I would like a way to collapse levels of a factor based on the number of observations for each level.
For example, if I have the tibble below with a factor column of animals (four levels: cat, dog, hamster, goldfish), can I collapse levels with less than 2 observations into a level called "other"?
# A tibble: 7 × 1
animal
<fct>
1 cat
2 cat
3 cat
4 dog
5 dog
6 hamster
7 goldfish
This should result in the following...
# A tibble: 7 × 2
animal animal2
<fct> <fct>
1 cat cat
2 cat cat
3 cat cat
4 dog dog
5 dog dog
6 hamster other
7 goldfish other
I would like to be able to adjust the cut-off (e.g. groups with less that 5 observations) and ideally this would be done using tidyverse.
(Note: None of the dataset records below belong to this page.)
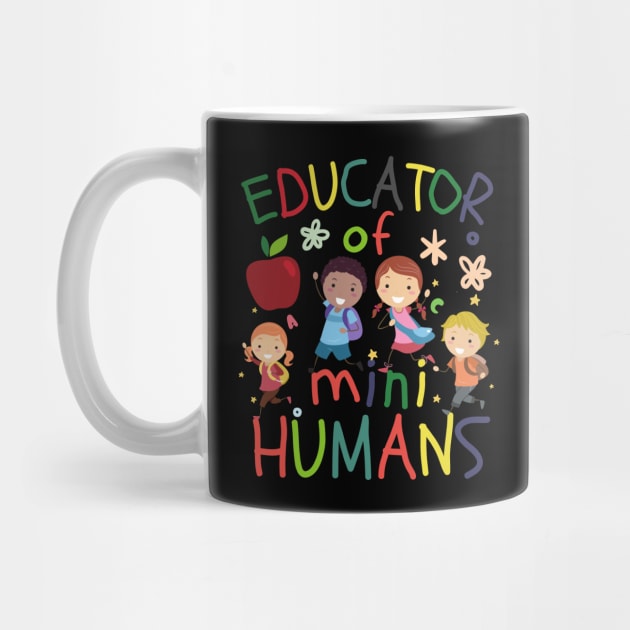 Educator of Mini Humans Colorful by DesignArchitect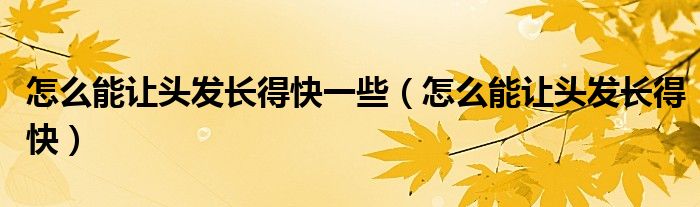 怎么能讓頭發(fā)長得快一些（怎么能讓頭發(fā)長得快）
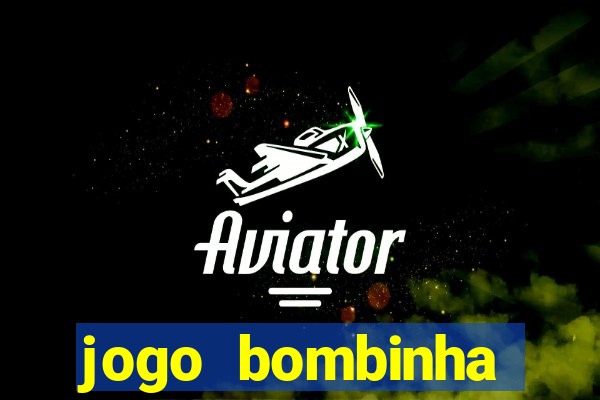 jogo bombinha ganhar dinheiro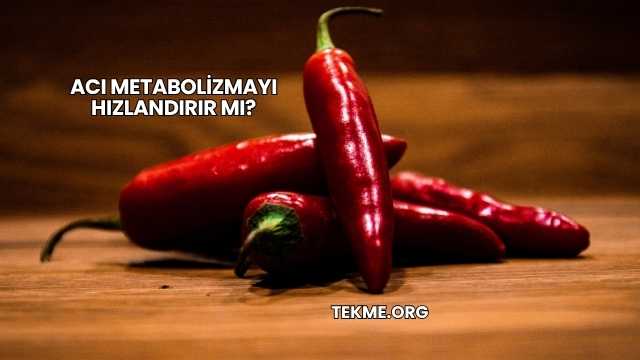 Acı Metabolizmayı Hızlandırır mı?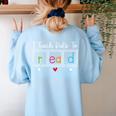 I Teach Kids To Read Reading Teacher Appreciation Women's Sweatshirt Back Print Light Blue I Teach Kids To Read Reading Teacher Appreciation Women's Sweatshirt Back Print Light Blue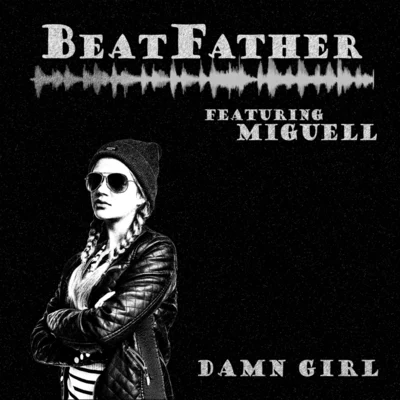 PoseyMabMiguellDamn Girl (feat. Miguell)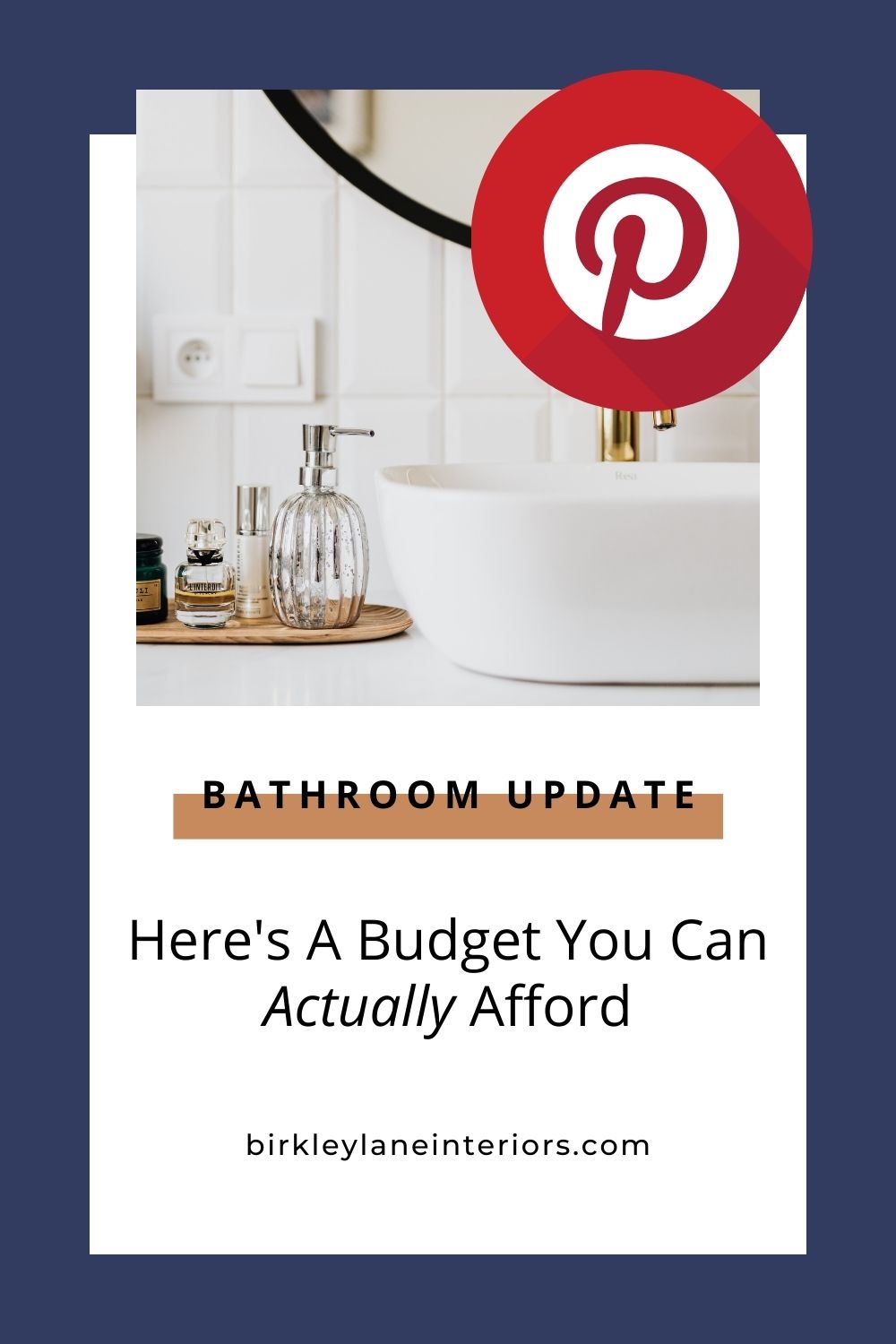 Updating Bathroom Big Budget vs. LowCost Ideas Birkley Lane Interiors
CodePudding user response:
You're looking for forcats::fct_lump_min
; which collapse to 'Other'
levels that appear less than min
times:
library(forcats)
library(dplyr)
df %>%
mutate(animal2 = fct_lump_min(animal, min = 2),
animal3 = fct_lump_min(animal, 3))
output
# A tibble: 7 × 3
animal animal2 animal3
<fct> <fct> <fct>
1 cat cat cat
2 cat cat cat
3 cat cat cat
4 dog dog Other
5 dog dog Other
6 hamster Other Other
7 goldfish Other Other